2007 Ağustos ayından beri dünya ekonomisine hâkim olan belirsizlik ortamı tüm çabalara rağmen bir türlü son bulmadı. Tam bitti bu resesyon derken yeni bir kötü haber alıyoruz.

2008 Eylül ayında Lehman Brothers’ın iflası Amerikan şirketler tarihinde görülen en büyük batış hikayelerinden biri oldu. Bir yıl içerisinde hükümetler şirket ve banka kurtarma operasyonları için yaklaşık 11 trilyon dolar harcadı. ABD kişi başına yaklaşık 10 bin dolarlık, İngiltere ise yaklaşık kişi başına 50 bin dolarlık bir kurtarma maliyetine katlandı. Bu, İngiltere’nin gayri safi yurt içi hasılasının (yıllık toplam üretim değerinin ya da yıllık yaratılan gelir toplamının) yüzde 94,4 ü kadar, ABD’nin de GSYİH’sının yüzde 25,8’i kadar harcama yapması demekti. Çin ve gelişmekte olan ülkeler daha az oranda da olsa büyük maliyetlere katlandılar.


Peki, ne oldu? Tüm bu önlemler fırtınanın bitmesine ve eski güzel güneşli günlere dönmemizi sağladı mı? Maalesef hayır.

Bu kriz düşük talep ya da yüksek enerji fiyatlarından kaynaklı değildi yani daha önceki krizlerden farklı idi. Bu durum çok beklenen bir şey de değildi. Bir Wall Street avukatı olan Ron Geffner  “Bir yaz günü uyandık ki yerlere kar yağmış” şeklinde ifade etti yaşanan şaşkınlığı.

1929 yılında yaşanan Büyük Buhran ile mukayese edildiğinde daha hafif görünen (1929 krizi boyunca seksen beş bin işyeri kapanmış, beş bin banka iflas etmiş, Amerika’nın ulusal geliri yarıya düşmüştü) 2008 krizini son dönemde piyasalarda hükümetlere yardımcı olabilecek petrol ve emtia fiyatlarındaki düşüş gibi olumlu gelişmelere rağmen neden atlatamadık acaba?

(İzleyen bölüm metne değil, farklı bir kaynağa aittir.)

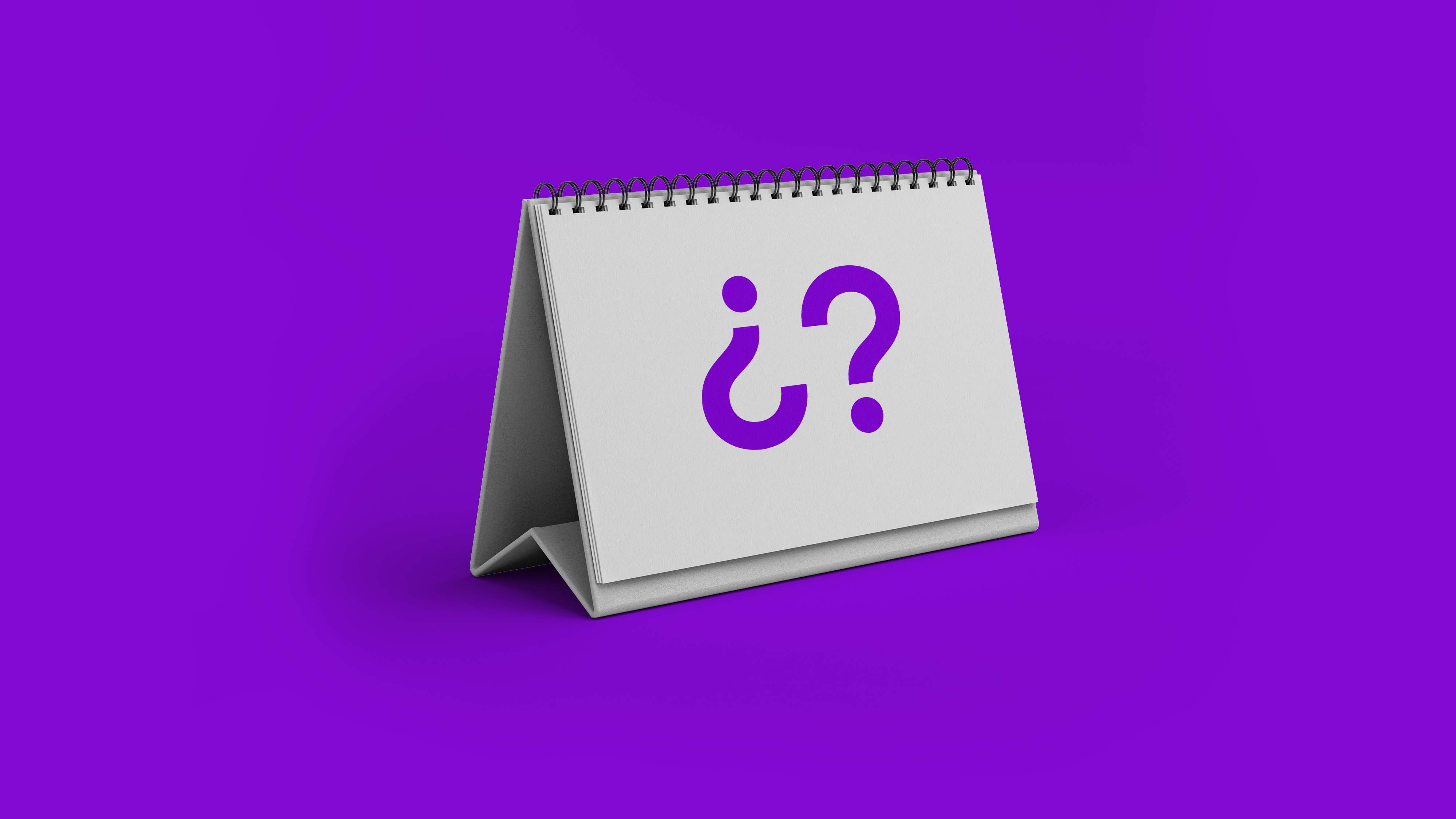 Un calendario de escritorio con las páginas en blanco muestra un par de símbolos de interrogación color morados preguntando cuántos días tengo para pagar después de mi fecha de corte con la tarjeta de crédito nu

Krizlerin ne uzunlukta süreceği üzerine yapılan çalışmalardan en popüler olanları her krizin bir gün biteceğini söyler. Krizlerin uzunluğu konusunda değişik iktisatçılar değişik süreler hesaplamışlardı. Kondratieff 56 yıllık, Kuznet 15-20 yıllık, Juglar ise 9-10 yıllık periyotlarla dalgalanmalar yaşanacağını öngörmüştü.

Evet, tüm ülkelerde ve dünya ekonomisinde bu tür dalgalanmalar gözlemleniyor ancak genel geçerli bir kuralla açıklanmaları maalesef mümkün görünmüyor.

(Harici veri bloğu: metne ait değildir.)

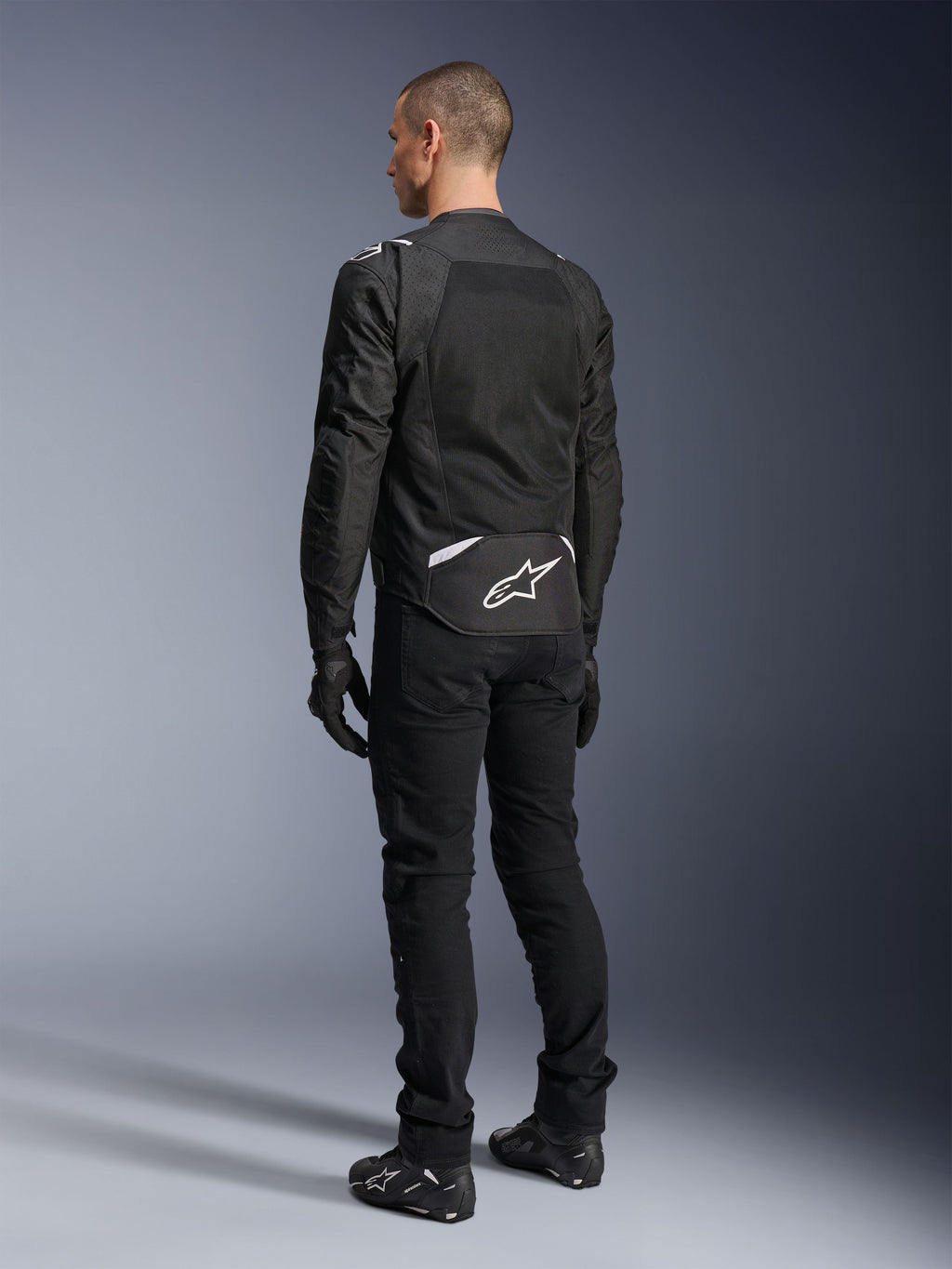 Alpinestars T-Sps Air V2 Jas, textiele motorjas, zwart, achteraanzicht met groot mesh ventilatiepaneel en wit Alpinestars-logo op de onderrug, gecombineerd met een zwarte motorbroek en handschoenen voor een sportieve urban look.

Gelecekle ilgili güvensizlik ve belirsizlikler

Sorunun temelinde gelecekle ilgili güvensizlik ve belirsizlikler yatıyor.

2008 krizindeki kurtarma operasyonu sonrası 2010’da Dubai sıkıntı yaşadı. Yapılan büyük alt yapı yatırımlarının bir kısmı yurt dışı piyasalardan yapılan borçlanma ile yapılmıştı (özellikle İngiliz bankalarına) fakat diğer emirliklerin de yardımı ile bu sorun kısmen giderilmiş oldu.

Yavaş yavaş dünya ekonomilerinde pozitif büyüme oranları görülmeye başlandı, emtia piyasalarında bazı malların fiyatı ve petrol fiyatları düşmeye başladı. Bu gelişme bazı ülkeler için iyi bazı ülkeler için kötü bir gelişme idi. Tüketici ve ithalatçı ülke ekonomileri için iyi üretici ve net ihracatçı ülkeler için sıkıntı yaratacak bir gelişme idi.

Tam bu gelişmelerin dünya ekonomisi üzerine net etkisi ne olur diye anlamaya çalışırken Yunanistan ekonomisi iflas etme noktasına geldi ve Avrupa Birliği (AB) ekonomileri güven sorunu yaşamaya başladı.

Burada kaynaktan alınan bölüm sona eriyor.